## Available data:
○ ○ ○ ○ ○ ○ ○
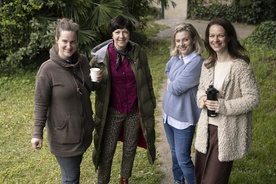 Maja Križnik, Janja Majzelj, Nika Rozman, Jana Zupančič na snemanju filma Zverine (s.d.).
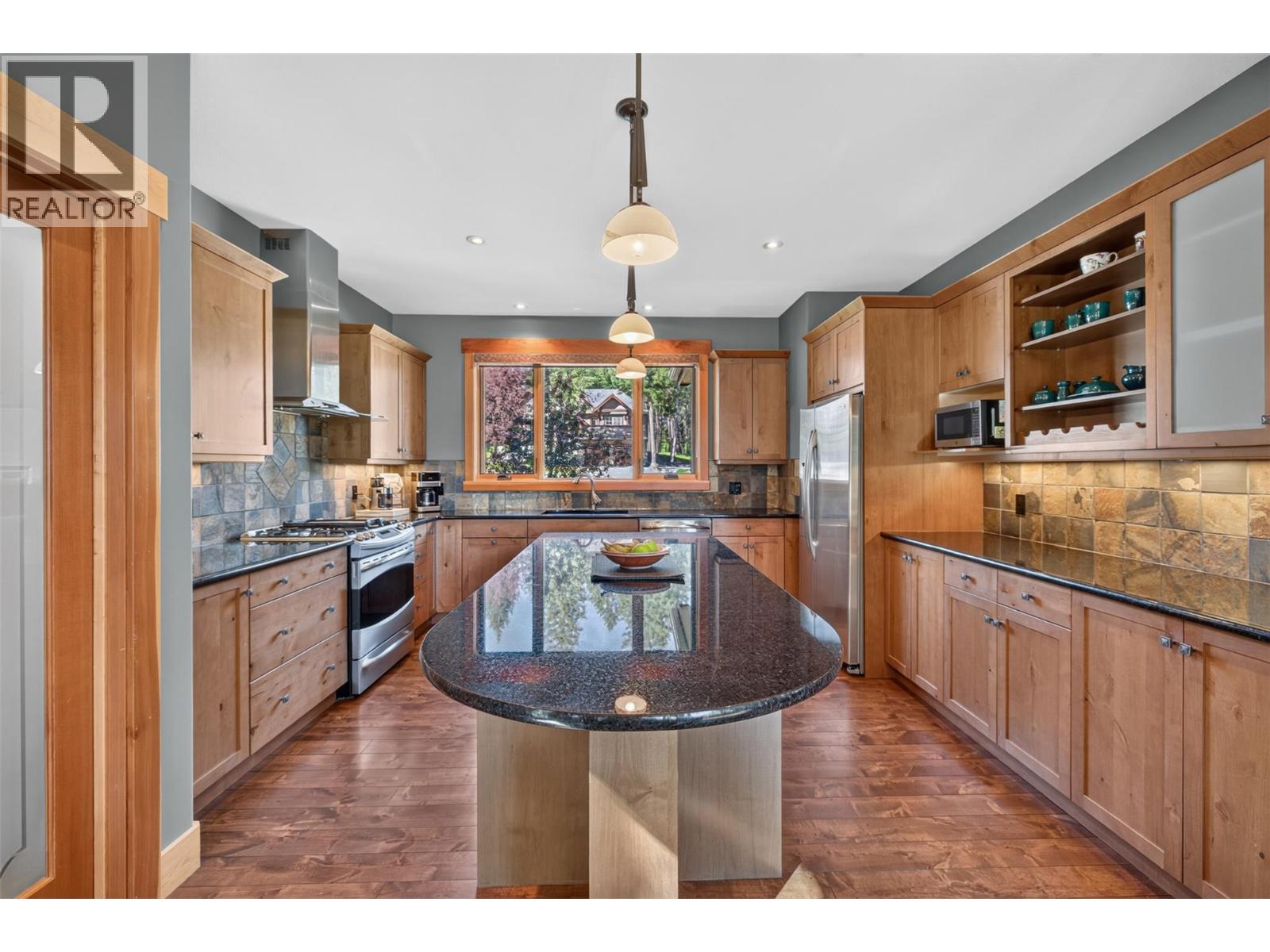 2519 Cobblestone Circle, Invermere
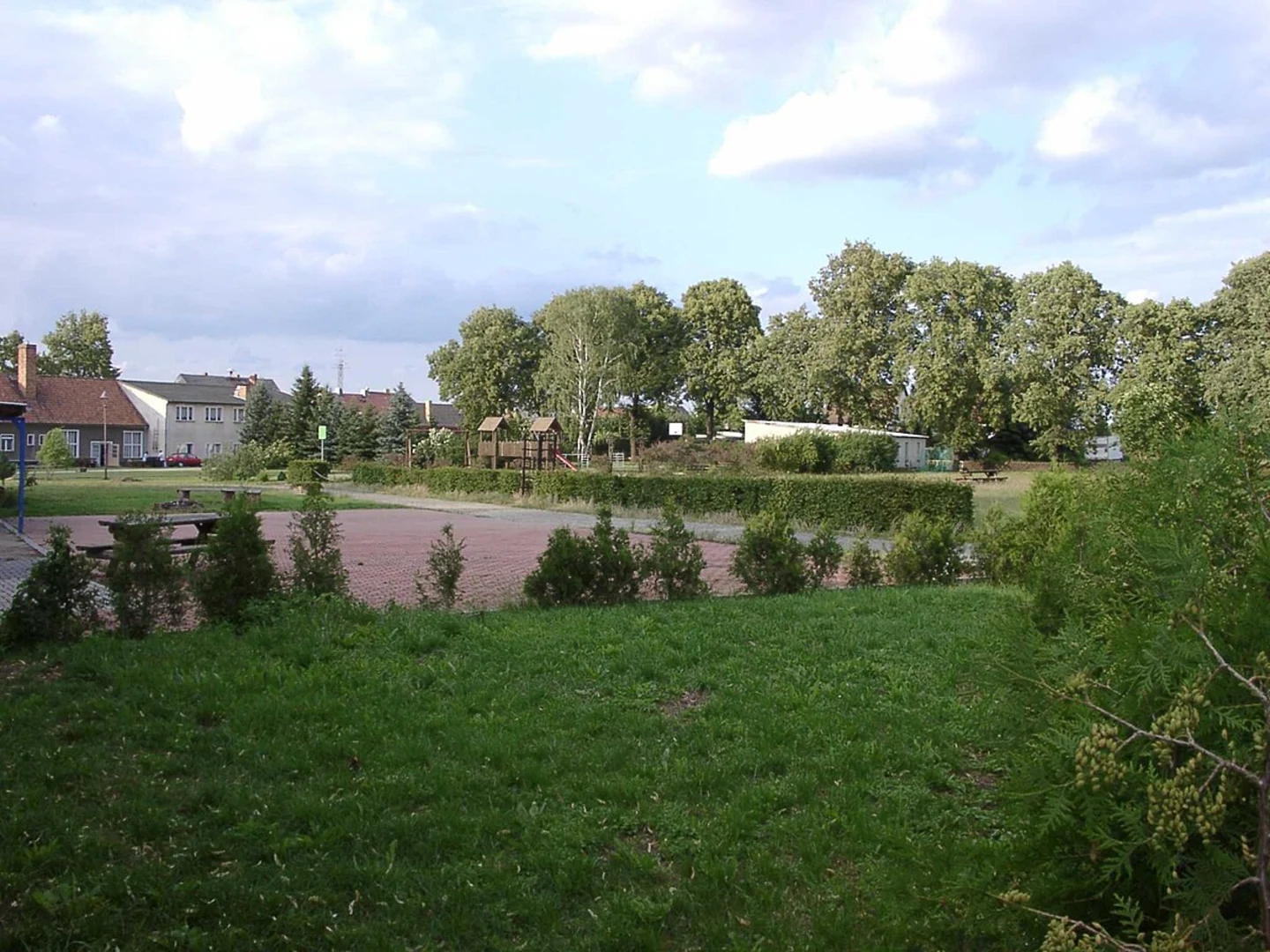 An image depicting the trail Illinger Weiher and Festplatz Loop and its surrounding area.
○ ○ ○ ○ ○ ○ ○
## Work item:
Transcribe the listing exactly, skipping pictures.

## Reply to the task:
 Maja Križnik, Janja Majzelj, Nika Rozman, Jana Zupančič na snemanju filma Zverine (s.d.).
 2519 Cobblestone Circle, Invermere
 An image depicting the trail Illinger Weiher and Festplatz Loop and its surrounding area.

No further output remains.